PER DANILO E ALESSANDRA DELLA PECORA ELETTRICA

Posso solo immaginare come si sentano oggi Danilo Ruggeri e Alessandra Artusi, i librai della Pecora elettrica, data alle fiamme per la seconda volta in pochi mesi, nella notte che precedeva la riapertura. Posso immaginare il dolore, la frustrazione, la rabbia. Anche dopo le migliaia di attestati di solidarietà, moltissimi sinceri e appassionati, qualcuno spinto dal dovere e dal timore di perdere la faccia. Anche dopo la meravigliosa reazione dei cittadini che ieri hanno invaso Centocelle per testimoniare la loro presenza. Anche dopo la catena di affetto, sgomento, desiderio di aiutare subito che non si arresta, e non si arresterà. Perché non si bruciano i libri, certo e certissimo. Perché non si spezza una comunità: non con le fiamme, non con la paura.

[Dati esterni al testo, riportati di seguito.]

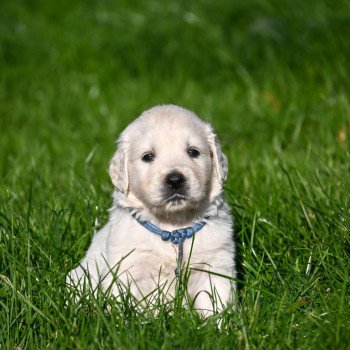 chiot Golden retriever A Million Blessings Elevage des Symphonies d'arlequin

Però posso immaginare, solo immaginare, come si sentono, e capisco le loro poche parole, aspettate, fateci capire cosa fare, non abbiamo ancora fatto partire nessuna campagna di crowdfunding. Perché al di là di tutti gli inviti a resistere e non mollare capisco che ci sono momenti in cui si vuole lasciar perdere tutto, e piangere, e chiedersi perché, specie quando accade due volte.
In questo momento, posso solo offrire una storia di Centocelle. E’ una storia personale, di dolore doppio. Forse non serve, o forse sì. Ma altro, al momento, in attesa che ci sia la possibilità di attivarsi, non posso dare.

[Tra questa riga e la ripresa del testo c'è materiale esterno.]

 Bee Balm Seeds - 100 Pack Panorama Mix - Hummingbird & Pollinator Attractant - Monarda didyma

Ho abitato a Centocelle per nove anni, dal 1985 al 1994: in via dei Castani, il numero era 82, mi ricordo ancora a memoria il numero di telefono e vedo come se l’avessi qui la palma spelacchiata all’ingresso. Era la mia prima casa, due stanze piene di sole con un grande tavolo per scrivere, una cucina ricavata da un angolo della stanza grande, una camera da letto con il balcone da cui fuggiva il mio primo gatto per nascondersi nell’appartamento a fianco. Le ricordo tutte, le strade con i nomi dei fiori, l’edicola. il mercato all’aperto, allora, di piazza dei Mirti, la cartolibreria sotto casa, perché librerie non ce n’erano, dove ho scoperto i libri di Janet Frame.
E ricordo di aver sofferto in quella casa, per due volte, un dolore terribile, che è quello di aver perso, appena nati, i miei primi due bambini. Per questo immagino come ci si sente, e di come, quando avviene di nuovo, si abbia il desiderio ragionevolissimo e giustificatissimo di arrendersi, perché non si vuole soffrire ancora, e una volta si supera e due no, anche se tutti ti dicono che ce la farai.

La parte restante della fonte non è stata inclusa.